The PSP is a nice piece of hardware for sure, but do all consoles and portables have to be able to play music and movies now?
Forgive me for sounding like someone from 2001, but I am still confused as to why a GAME MACHINE'S ability to play NON-GAME RELATED SOFTWARE makes any sort of difference at all.
If I want to listen to music on the go, then I have a CD Player. If I feel the need to take hundreds of songs with me, then I'll get an iPod.
If I want to watch movies on the go, I'll get a portable DVD player. I'm not so sure that we'll see a lot of UMD movies that aren't from Sony's own companies.
This has been bothering me since the PS2 launched and I still have not recieved my answer. Why the hell does it matter if my games machine can't do something besides play games?
It's an option. A choice. That's why it's so important IMO.
I use my iPod for music, so yeah, I don't really care if PSP plays music or not. But it does. And for many, many people (myself not included, obviously), that is going to be a very big selling point.
Because of this, if anyone is going to present a competitor to the PSP that's going to want any chance of being successful, it's going to need to at least match the PSP, function-wise. That means being able to play music and movies.

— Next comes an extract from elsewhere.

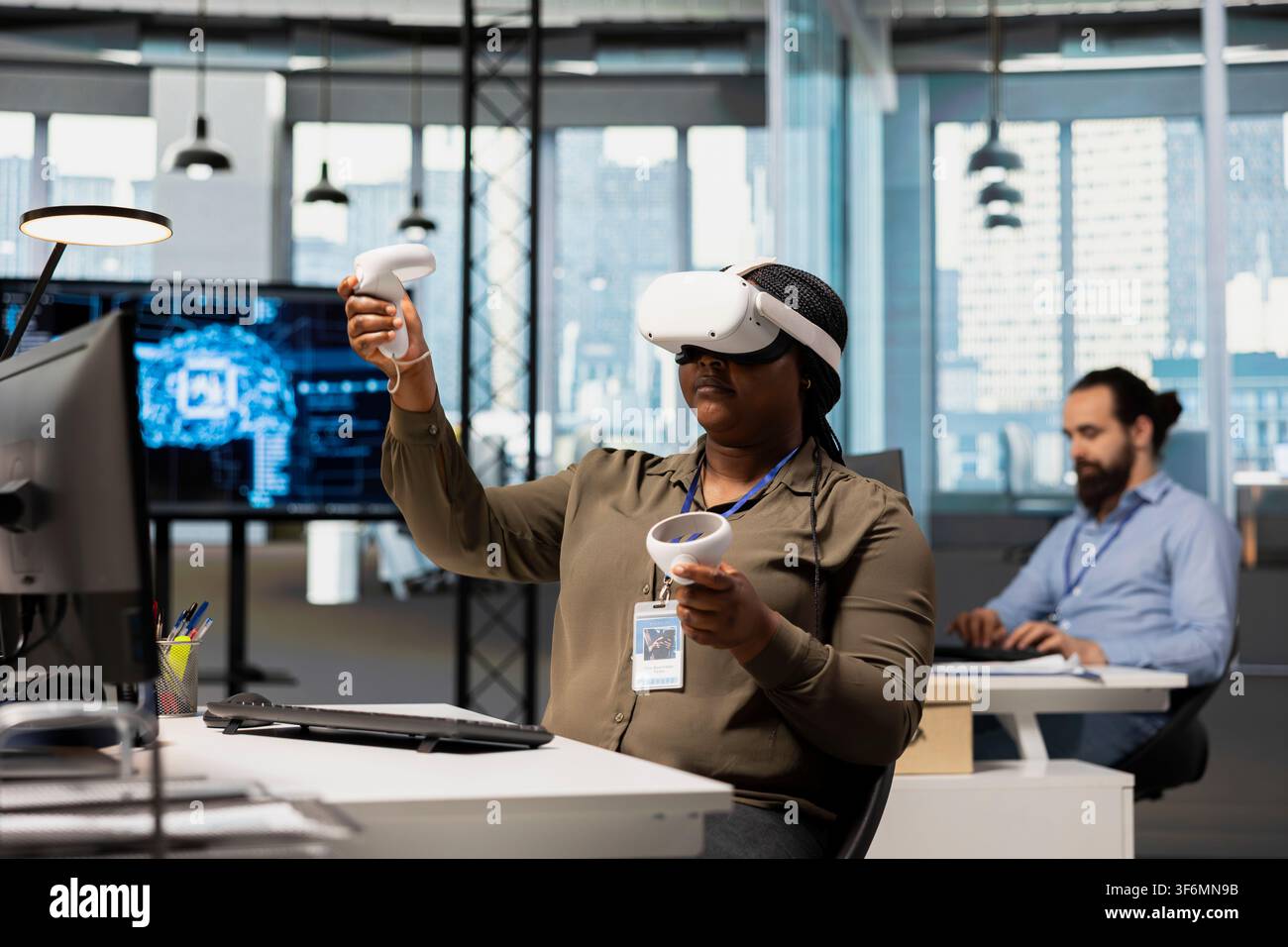 Software developer using virtual reality tech, automating repetitive tasks with AI scripts. IT expert wearing VR gear using artificial intelligence to speed up feature implementation Stock Photo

GameCube is a perfect example of why going games-only and not trying to compete on the media front is a bad idea. Look at it -- third-party support is all but dead and it never got anywhere near as big as it should have, because the system never took off the way it should have -- and would have -- had it also had the ability to play DVDs and CDs. You can't ignore mainstream consumers and expect to be successful, it just doesn't work anymore. If I'm Joe Average Consumer who doesn't live and breathe videogames but likes the occasional game of Madden or Halo now and then like anyone else, why would I buy a system like GC when I can get one just like it (PS2) that also plays DVDs and CDs and doesn't look like a lunchbox? The answer is, I wouldn't. And that's just what happened. Sticking to that crappy-ass 1.5GB proprietary disc format instead of going with the industry standard was a huge mistake, just like when they went with carts over CDs on N64.
If Nintendo's going to compete with PSP, the next GBA *HAS* to be able to do at least as much as the PSP can. At the very least, if they don't show up with at least as nice of a screen, better hardware, some kind of analog control and a better media format (all of which sounds highly unlikely to me), they may as well just pack it in and go home.
So as not to be exceedingly negative this fine afternoon, let me flip this and present a question to you folks (not only the N-heads, but normal people as well): do you honestly think Nintendo is going to come back with a portable that will rival PSP in terms of quality and capabilities? If so, I'd like to hear your thought on this. When, why, how, etc. etc.